In the midst of global upheaval, recent oil spills in Canada have received little attention.
These spills occurred as governments, both federal and provincial — notably Alberta and Ontario (which later reversed the suspension) — suspended environmental regulations for the oil and gas sector, mirroring suspensions in the U.S. But the recent Saskatchewan train derailments and Trans Mountain pipeline spill point at how dangerous it is to allow these events to be swept under the rug, given the hazards of an already weak regulatory system.
As the seven year anniversary of the Lac-Mégantic disaster passes, and in the midst of plans for expanding pipeline infrastructure across the country, it is important to reflect on the regulations which followed in the aftermath of the Lac-Mégantic disaster.
The general assumption is that regulatory changes enacted in response to disaster and protest were intended to make oil and gas transportation safer. But these regulations have little to do with reducing risks to the public, and much more to do with reduction of financial risk in a form that makes hydrocarbon transport economically viable by shaping the conditions around their insurance.

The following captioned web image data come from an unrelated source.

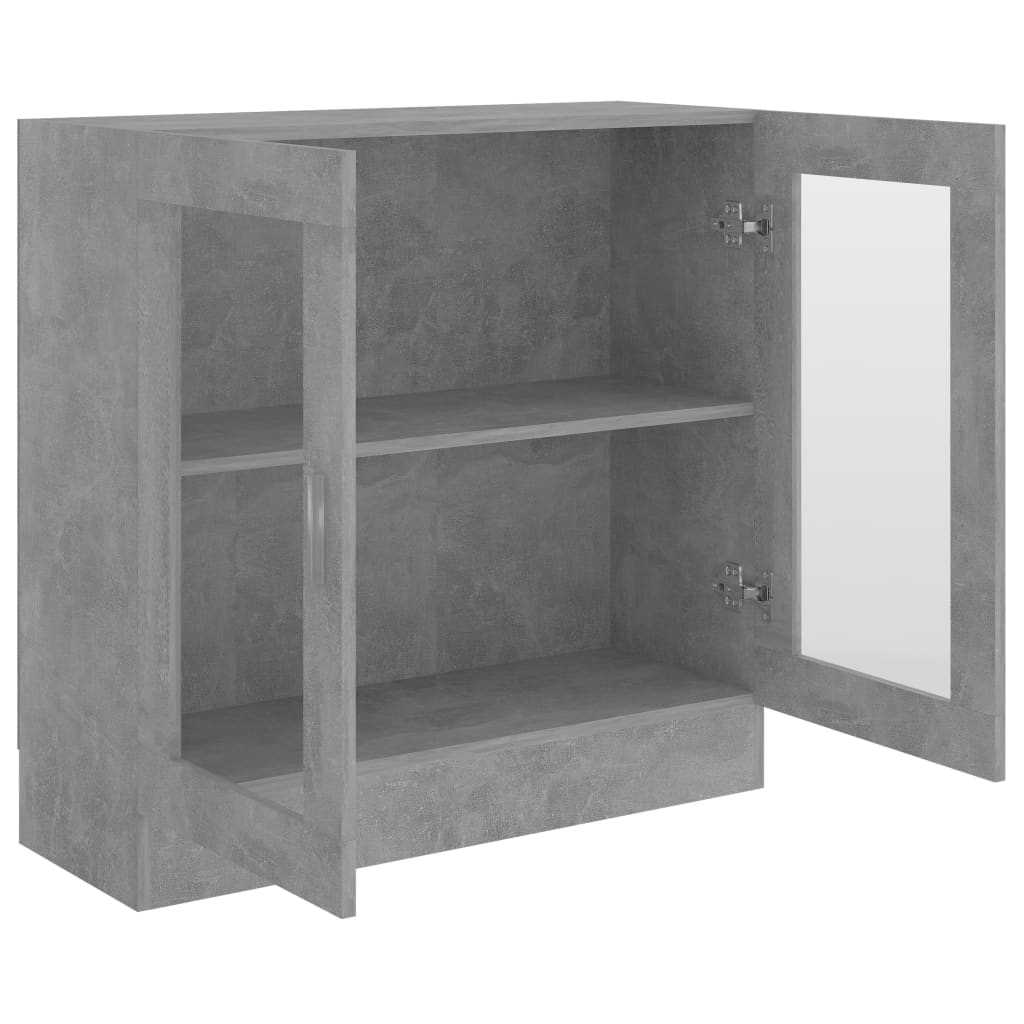 betonszürke szerelt fa vitrinszekrény 82,5 x 30,5 x 80 cm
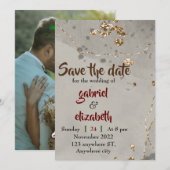 エレガント&シンプルラグジュアリー結婚式招待状 招待状 (正面/裏面)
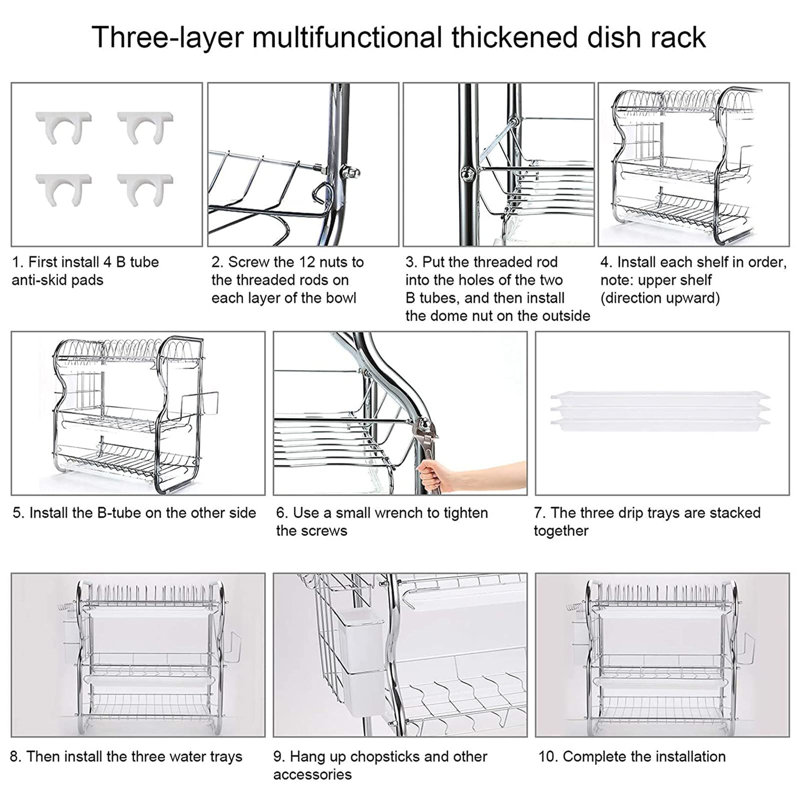 Mirfield Stainless Steel 3 Tier Dish Rack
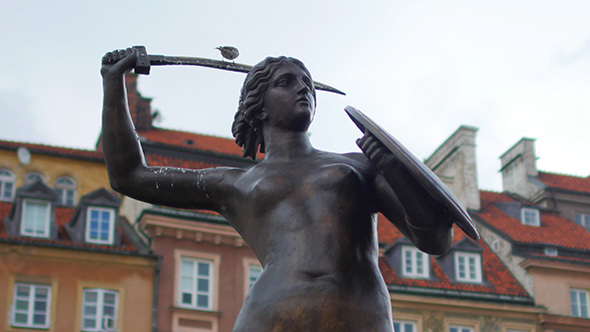 View of Mermeid Sculpture in Warsaw Old Town Square, Poland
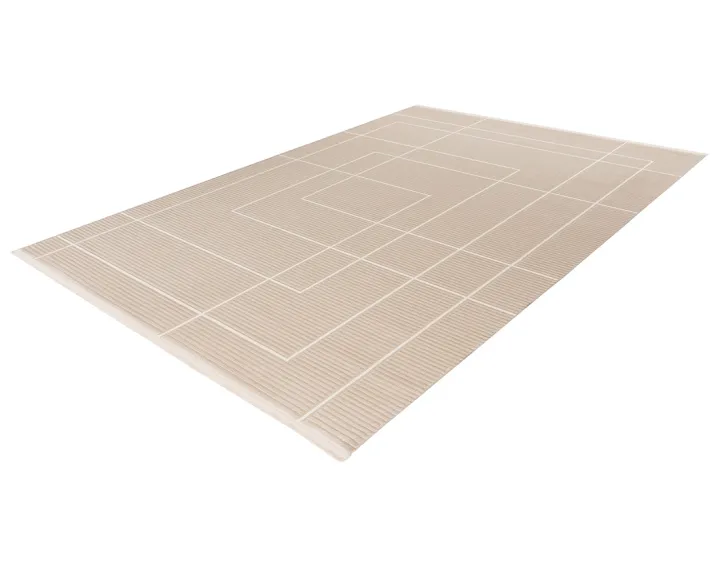 Tapis rectangulaire motif graphique beige Telio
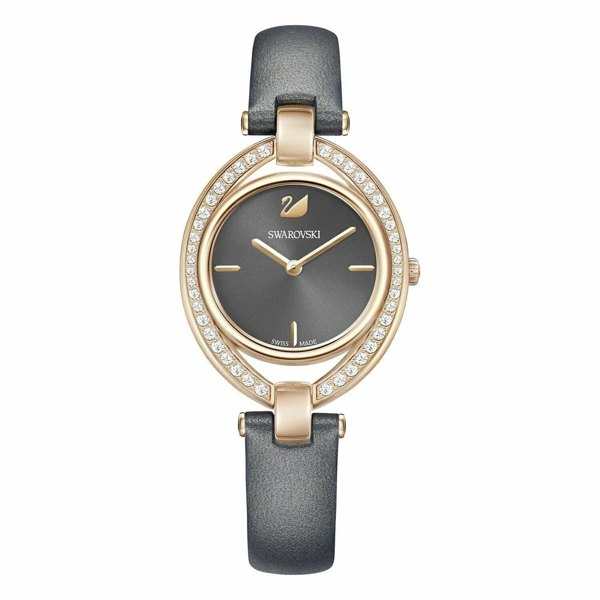 Swarovski 5376842 Black Golden Leather Stainless Steel Watches For Women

Regulation in the corporate interest
In the immediate aftermath of the Lac-Mégantic disaster, and upon the technical recommendations of the Transportation Safety Board of Canada, Transport Canada updated key operating procedures and regulations. Further legislation was introduced to amend the Transportation Act and the Railway Safety Act in 2015, expanding minimum insurance requirement for railways hauling dangerous goods, and the creation of a compensation fund financed by levies on crude oil shippers, as well as increased information-sharing provisions with municipalities and first responders (even though such information remains limited and inaccessible to the larger public).

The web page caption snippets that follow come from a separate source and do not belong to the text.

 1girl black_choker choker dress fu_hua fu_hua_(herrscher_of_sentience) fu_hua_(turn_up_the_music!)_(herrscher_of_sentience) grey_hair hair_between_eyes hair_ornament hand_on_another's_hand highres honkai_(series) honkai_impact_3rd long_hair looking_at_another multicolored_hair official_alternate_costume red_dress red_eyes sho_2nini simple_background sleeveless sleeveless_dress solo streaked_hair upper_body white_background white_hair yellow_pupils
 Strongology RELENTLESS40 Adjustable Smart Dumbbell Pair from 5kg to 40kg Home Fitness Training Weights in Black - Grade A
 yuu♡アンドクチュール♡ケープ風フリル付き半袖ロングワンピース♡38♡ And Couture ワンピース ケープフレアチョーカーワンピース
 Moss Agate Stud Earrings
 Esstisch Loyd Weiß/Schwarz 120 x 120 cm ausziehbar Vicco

A key outcome of the 2015 Pipeline Safety Act was to set liability at a maximum of $1 billion for all pipelines with capacity to transport 250,000 barrels per day, leveling the insurance requirements across pipeline firms.
But there is little incentive for railway companies and pipeline firms to take public safety seriously. In the case of the railway safety act, monetary penalties for contravening the Railway Safety Act or rules and regulations are minimal (and generally appealed). Meanwhile increased oil-by-rail transportation has boosted railway companies’ profits.
Although large and small railway companies have varied capacity to develop safety management systems, the size of companies does not prevent derailments as they all operate with staff cutbacks, lack of maintenance and chronic underinvestment in equipment and infrastructure, as the Saskatchewan derailments demonstrate.
For pipelines, incidents have increased since the 2015 pipeline safety act took effect, yet these incidents are complicated to track due to highly inconsistent reporting structures.
Infrastructural investment to ensure safety would require either that the private sector is willing to forego profits given the costs involved in proper equipment maintenance, or state subsidies to underwrite these costs.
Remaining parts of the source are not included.